His wife goes missing during a guerrilla raid on the village – though all the forces that fight through and around the village are simply “the armies”, with neither concerned to protect, and often setting out to harm, the civilian population. Ismael has woken at dawn and decided to go out for a stroll. He hears “a shout in the early morning and then a shot.” Soon “more shots ring out, machine-gun bursts this time.” Ismael finds himself corralled with others in the town square. When he eventually returns home Otilia is not there – a neighbour says she has gone in search of him. Initially, nothing else seems to have changed:

“I am in the garden, which is unchanged, as if nothing has happened, although everything has happened: I see the ladder there, leaning against the wall; in the fountain the flashing orange fish swim.”

From this point on, however, everything does change. Ismael becomes obsessed with trying to find Otilia, often at the risk of his life. He fears that she has been kidnapped like Geraldina’s husband and son, but no ransom demand arrives. Her disappearance strengthens his love for her:

“Thinking of you only hurts, sad to admit, and especially lying on my back in bed, without the living proximity of your body, your breathing, the imaginary words you spoke in your sleep.”

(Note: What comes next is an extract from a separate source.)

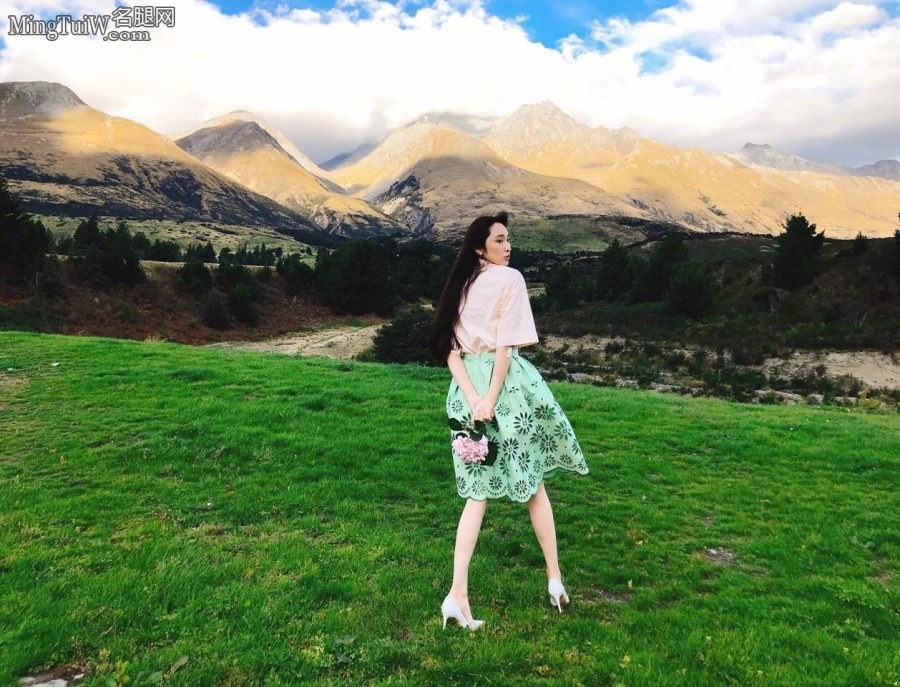 吴佩慈穿高跟鞋旅行 景色太美了(3/4)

The village increasingly descends into violence, and many people simply leave. The narrative adopts an almost dreamlike quality, and time comes to mean less and less as Ismael questions which day it is: “Saturday?” By the end only the description of the garden suggests how much time has passed:

“There was the pool; I looked into it as into a pit: amid the dead leaves that the wind blew in there, amid the bird droppings, the scattered rubbish, near the petrified corpses of the macaws…”

The novel is, of course, more than Ismael’s story: the usual collection of village eccentrics graces its pages. That almost all of them suffer or die undermines to some extent this cliché of Latin American literature. Ismael himself is not the most fully developed of characters; at times he is more of a wandering consciousness, reflecting fragments of the reality around him. That he begins to doubt his sanity, however, is entirely believable.

This is not a novel that seeks to give a detailed account of the violence in Columbia, it will not enhance your political understanding – but as an impression of what that violence might feel like it is an important success.